Here's how I make mozzerella using citric acid:
1 gallon milk
2 teaspoons citric acid, dissolved in 1/4 cup cool water
1/4 teaspoon liquid rennet, dissolved in 1/4 cup cool water OR 1 Junket rennet tablet, dissolved in 1/4 cup cool water (I've used both rennets and had good results)
1 teaspoon cheese salt (optional)
I use a double-boiler method to heat my milk. Place a 2 gallon pot inside a slightly larger pot, with hot water in the outside pot. This helps prevent scorching your milk and helps the milk heat up more evenly.
Dissolve your rennet in cool water before you start to warm the milk.
Set another pot of water to heat up to 170-180 degrees. It will form bubbles on the surface of the pot, but won't actually be simmering (breaking bubbles).
Put your cool/cold milk in the 2 gallon pot and mix the citric acid in thoroughly. Heat the milk to 88* F - it will start to curdle. Stir while heating so that the milk is evenly warmed.

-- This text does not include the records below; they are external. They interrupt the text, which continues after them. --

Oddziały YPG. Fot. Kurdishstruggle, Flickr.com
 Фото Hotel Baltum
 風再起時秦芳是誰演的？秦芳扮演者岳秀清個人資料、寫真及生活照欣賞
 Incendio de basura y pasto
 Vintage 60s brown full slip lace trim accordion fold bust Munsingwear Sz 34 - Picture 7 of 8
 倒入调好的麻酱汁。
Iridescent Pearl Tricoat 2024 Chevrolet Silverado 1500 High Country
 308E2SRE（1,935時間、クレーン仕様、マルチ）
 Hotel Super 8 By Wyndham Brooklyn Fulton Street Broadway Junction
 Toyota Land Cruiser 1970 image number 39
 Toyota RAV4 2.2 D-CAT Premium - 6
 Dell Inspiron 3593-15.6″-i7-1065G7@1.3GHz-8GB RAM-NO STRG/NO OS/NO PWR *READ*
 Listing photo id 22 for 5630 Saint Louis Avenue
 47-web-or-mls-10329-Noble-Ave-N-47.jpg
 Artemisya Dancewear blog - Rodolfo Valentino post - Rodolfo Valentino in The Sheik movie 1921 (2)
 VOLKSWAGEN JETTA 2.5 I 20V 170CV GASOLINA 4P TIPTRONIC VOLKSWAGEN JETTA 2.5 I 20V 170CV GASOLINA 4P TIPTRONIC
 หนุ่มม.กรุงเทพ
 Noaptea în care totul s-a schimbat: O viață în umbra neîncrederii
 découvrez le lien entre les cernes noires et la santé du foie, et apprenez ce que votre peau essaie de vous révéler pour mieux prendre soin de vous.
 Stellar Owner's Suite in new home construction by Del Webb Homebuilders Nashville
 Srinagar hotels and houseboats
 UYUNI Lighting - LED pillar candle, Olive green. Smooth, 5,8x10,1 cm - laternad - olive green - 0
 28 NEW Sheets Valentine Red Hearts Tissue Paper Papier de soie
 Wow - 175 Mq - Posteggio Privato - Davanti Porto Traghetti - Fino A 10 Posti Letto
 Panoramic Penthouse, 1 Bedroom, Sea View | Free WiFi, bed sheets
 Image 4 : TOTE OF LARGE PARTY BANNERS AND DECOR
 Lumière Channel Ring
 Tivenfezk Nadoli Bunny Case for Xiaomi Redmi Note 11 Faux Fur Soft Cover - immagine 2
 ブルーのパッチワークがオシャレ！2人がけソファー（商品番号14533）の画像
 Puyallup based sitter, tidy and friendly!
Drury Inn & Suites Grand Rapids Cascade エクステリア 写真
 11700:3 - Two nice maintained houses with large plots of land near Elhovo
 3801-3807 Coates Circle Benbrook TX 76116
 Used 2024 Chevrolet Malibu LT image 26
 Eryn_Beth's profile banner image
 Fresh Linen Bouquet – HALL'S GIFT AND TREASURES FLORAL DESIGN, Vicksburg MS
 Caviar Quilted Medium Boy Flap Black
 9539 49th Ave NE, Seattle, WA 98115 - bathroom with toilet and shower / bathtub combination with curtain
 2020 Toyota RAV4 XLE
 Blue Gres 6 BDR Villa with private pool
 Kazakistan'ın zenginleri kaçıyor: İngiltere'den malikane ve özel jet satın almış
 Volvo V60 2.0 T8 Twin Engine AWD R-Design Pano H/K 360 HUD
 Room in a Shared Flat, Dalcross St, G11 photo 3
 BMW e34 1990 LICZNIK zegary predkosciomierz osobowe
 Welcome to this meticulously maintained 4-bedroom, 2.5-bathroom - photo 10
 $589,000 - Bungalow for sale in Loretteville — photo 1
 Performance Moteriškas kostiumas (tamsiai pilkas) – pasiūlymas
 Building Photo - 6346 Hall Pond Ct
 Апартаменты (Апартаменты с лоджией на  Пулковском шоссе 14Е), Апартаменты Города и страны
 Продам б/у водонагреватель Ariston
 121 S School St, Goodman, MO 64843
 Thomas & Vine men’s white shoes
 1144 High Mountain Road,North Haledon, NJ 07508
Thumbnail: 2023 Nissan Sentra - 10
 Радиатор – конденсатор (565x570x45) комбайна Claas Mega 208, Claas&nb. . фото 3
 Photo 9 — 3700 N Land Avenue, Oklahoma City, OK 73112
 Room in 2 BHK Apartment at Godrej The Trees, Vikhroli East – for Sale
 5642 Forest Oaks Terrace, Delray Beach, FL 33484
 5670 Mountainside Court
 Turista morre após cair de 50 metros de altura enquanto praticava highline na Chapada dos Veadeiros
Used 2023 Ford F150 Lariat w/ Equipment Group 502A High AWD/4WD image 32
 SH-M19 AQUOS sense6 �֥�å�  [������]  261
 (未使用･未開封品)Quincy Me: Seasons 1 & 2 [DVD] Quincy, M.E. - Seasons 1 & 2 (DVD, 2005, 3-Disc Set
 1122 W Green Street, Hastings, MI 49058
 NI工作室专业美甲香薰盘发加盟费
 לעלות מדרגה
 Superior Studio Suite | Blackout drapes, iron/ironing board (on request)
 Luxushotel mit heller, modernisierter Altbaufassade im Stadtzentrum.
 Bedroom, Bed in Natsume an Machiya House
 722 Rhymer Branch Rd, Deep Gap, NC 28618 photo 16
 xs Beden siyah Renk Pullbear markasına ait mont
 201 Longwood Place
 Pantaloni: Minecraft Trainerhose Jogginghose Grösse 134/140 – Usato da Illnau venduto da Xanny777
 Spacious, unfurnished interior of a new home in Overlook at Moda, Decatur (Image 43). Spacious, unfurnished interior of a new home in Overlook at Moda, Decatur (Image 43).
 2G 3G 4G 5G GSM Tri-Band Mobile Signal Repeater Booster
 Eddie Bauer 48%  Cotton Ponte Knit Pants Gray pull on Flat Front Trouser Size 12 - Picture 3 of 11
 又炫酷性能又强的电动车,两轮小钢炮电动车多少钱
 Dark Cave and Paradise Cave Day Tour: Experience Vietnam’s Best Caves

Gently stir in the rennet with an up and down motion (don't swirl your spoon through the milk, as it can break the curd up/prevent good curd formation). Quit stirring once it is well blended, but continue to warm the milk to 105*. Remove the inner pot from the double boiler once the milk reaches 105*. If you do not have clean break yet, allow the pot to set undisturbed. This can take 5-10 minutes with the curd being the consistency of thick yogurt and the whey should be fairly clear, though yellowish-greenish.
I then scoop the curds out into a pyrex bowl. Ladle some of the almost-simmering water over the curds and using a slotted spoon, gently, very gently, lift them around and fold them over each other as they warm. The curds are tender at this point and you don't want to break them up at all. As the water cools, dump it off and add more hot water.
The curd will start to change from a yogurt-like mass to a warm taffy-like substance. At this point, you can start taking it out and stretching it. If it is too hot to handle (use a pair of rubber gloves or two pair of latex exam gloves), I will use two spoons to lift and stretch it until it has cooled enough to handle. If the curd strands break, return them to the hot water (replace this as it cools), then try again.
Sometimes I have to heat them several times until the curd is stretching like a taffy pull. While it is still stretchy, I place it on the countertop and sprinkle the cheese over it, knead the salt in, then heat and stretch some more. The cheese is done when it is smooth and shiny.
Like kneading bread, it is a feel thing.
You can also use your microwave to do the heating. I nuke the curds/work them, in 2 batches. The first heating is for about a minute, then I do 30 or less seconds for 3-4 more times. Whatever it takes to get the curd stretching well.
Don't give up on mozzerella. IMHO, it is one of the funnest cheeses to make (I love being up to my elbows in the stretching!), and one of the most gratifying, as you can be eating on a pizza the same day you make it.